#### [Task to complete]
An exact copy, beginning at the line containing "Nach Krawallen: Lula" and ending at the final line of the records that follow, is the answer; it has no pictures and no other text.

• • • • •

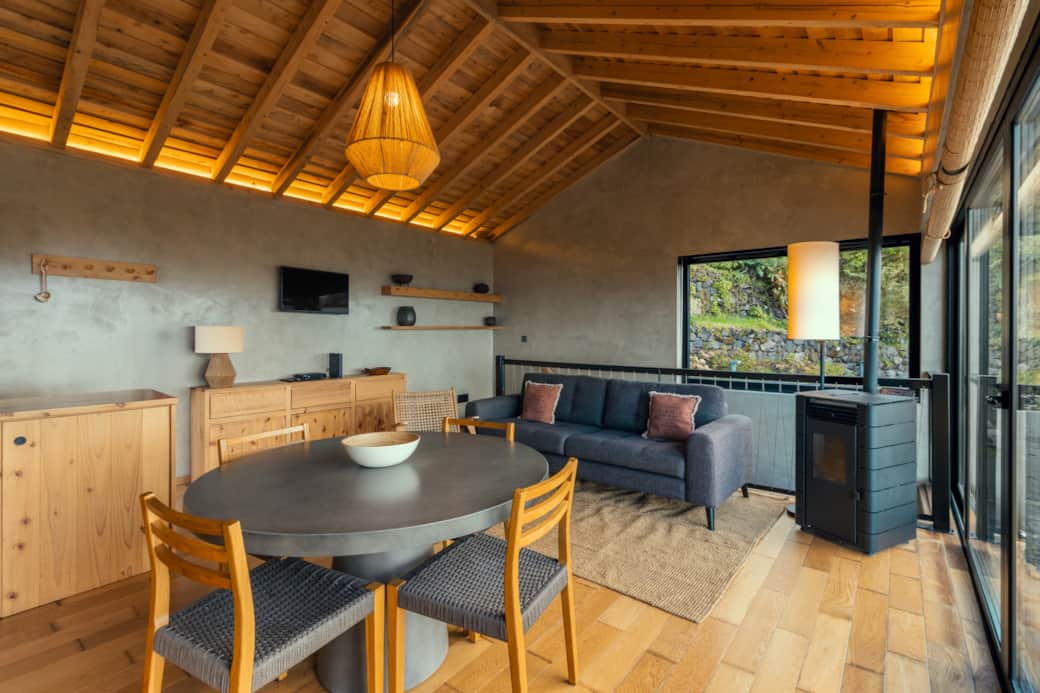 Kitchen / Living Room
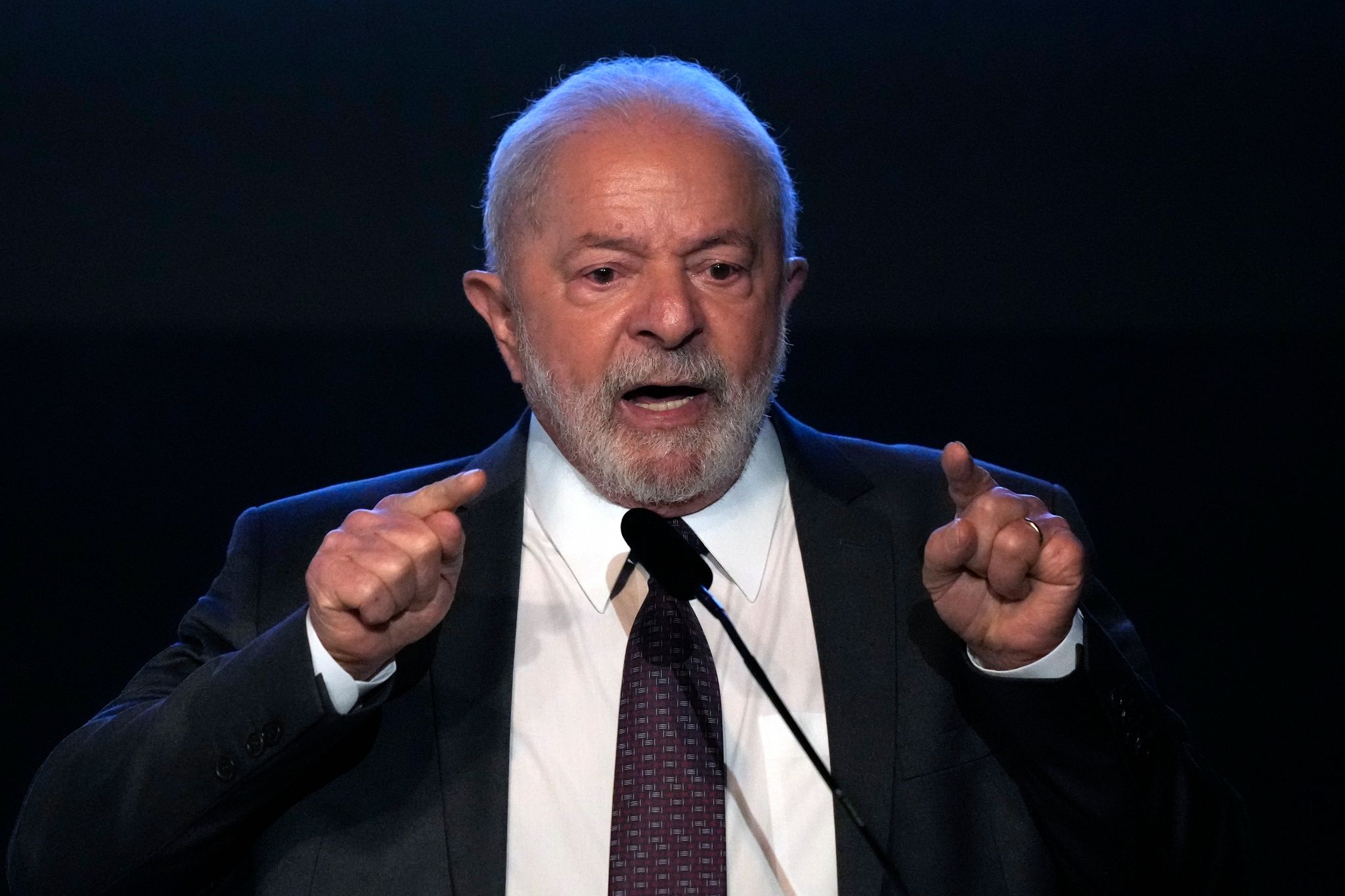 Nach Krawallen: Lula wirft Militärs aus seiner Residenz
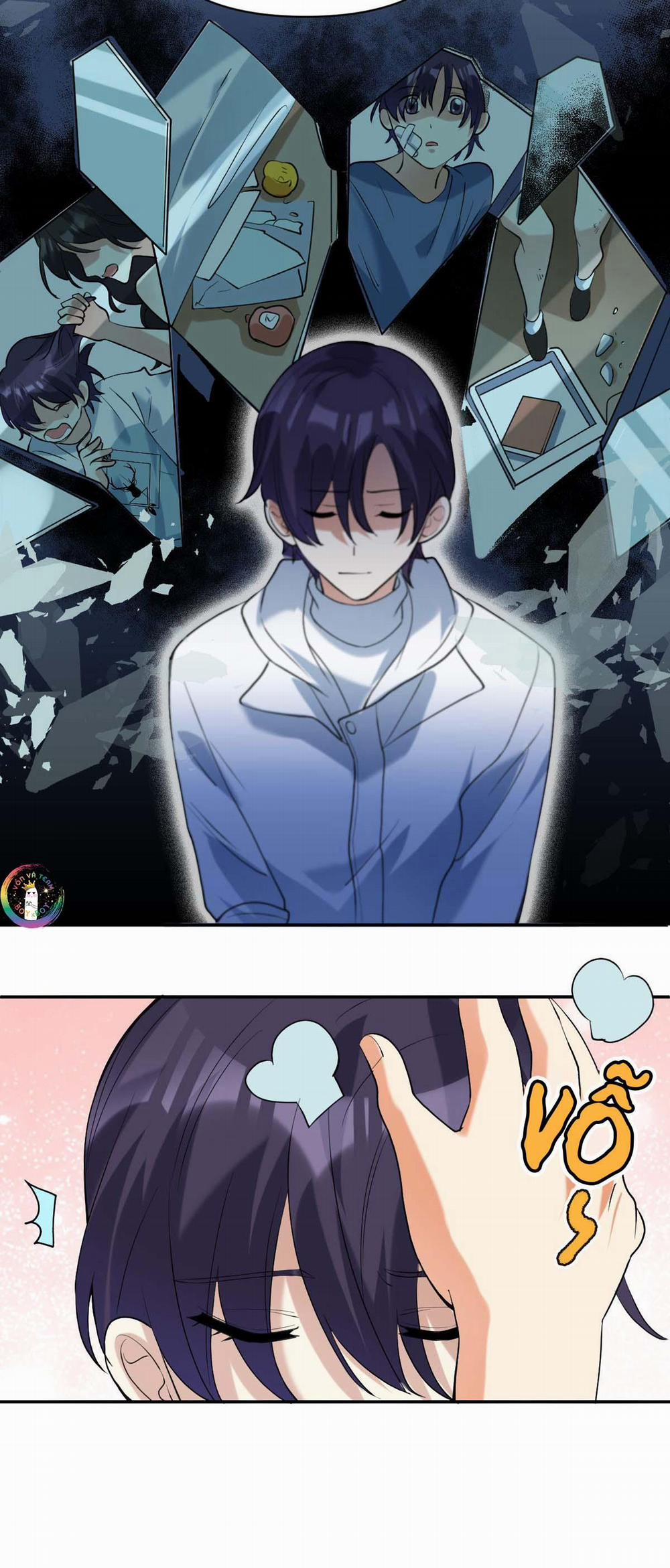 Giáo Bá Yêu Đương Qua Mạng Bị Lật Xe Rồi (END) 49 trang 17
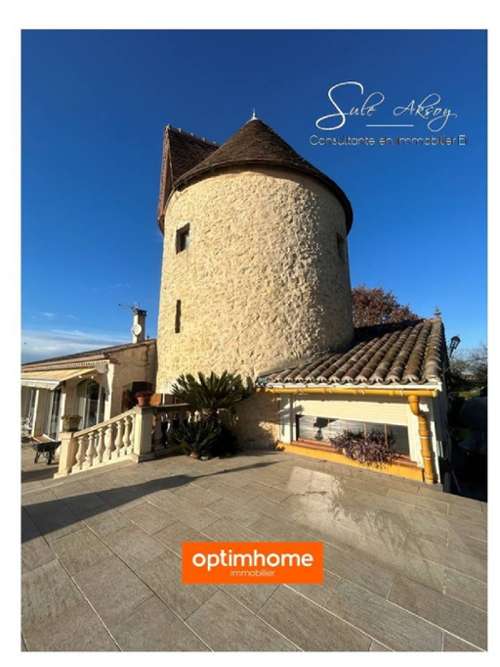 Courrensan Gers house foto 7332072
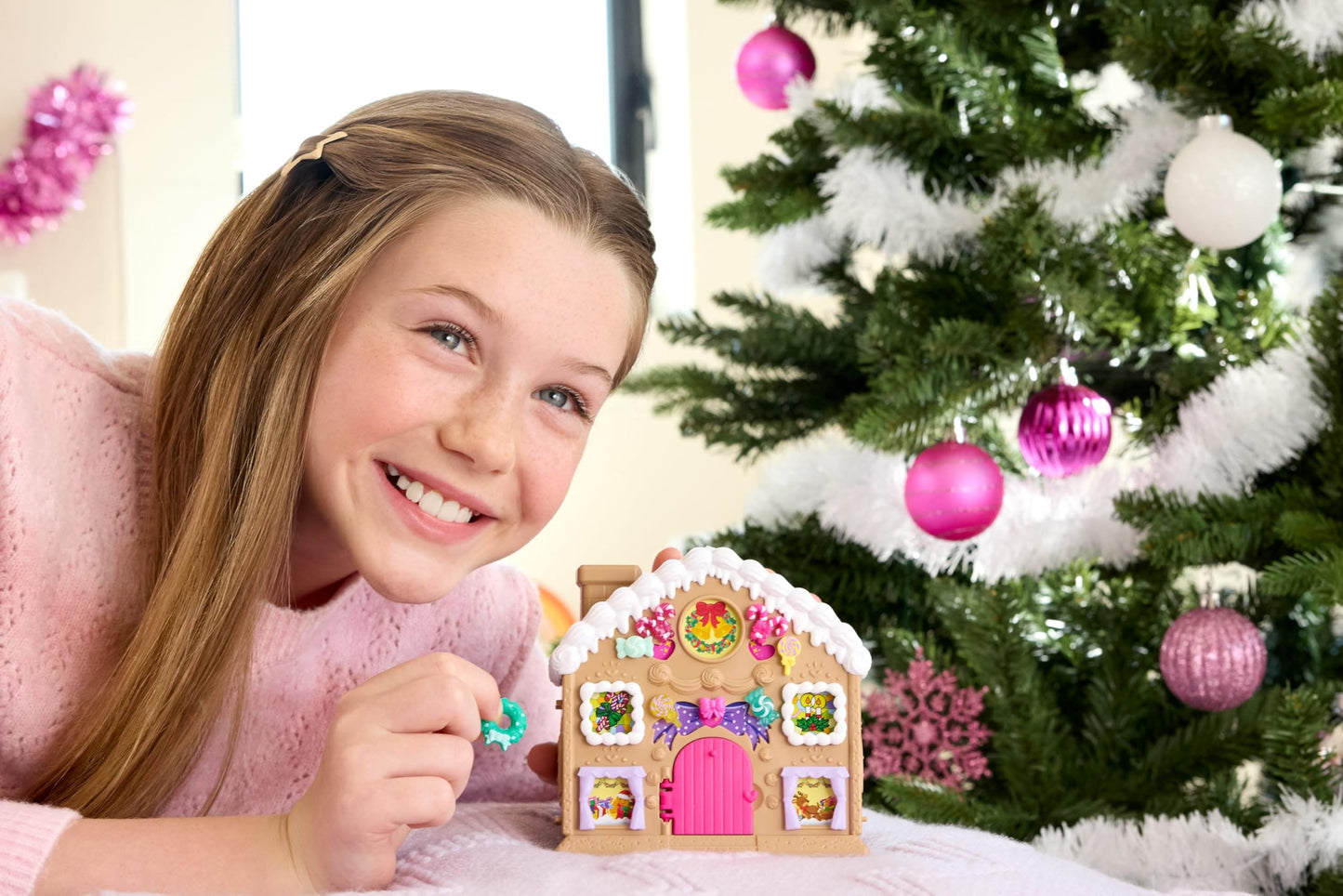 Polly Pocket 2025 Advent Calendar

• • • • •

#### [Response to the exercise]
 Nach Krawallen: Lula wirft Militärs aus seiner Residenz
 Giáo Bá Yêu Đương Qua Mạng Bị Lật Xe Rồi (END) 49 trang 17
 Courrensan Gers house foto 7332072
 Polly Pocket 2025 Advent Calendar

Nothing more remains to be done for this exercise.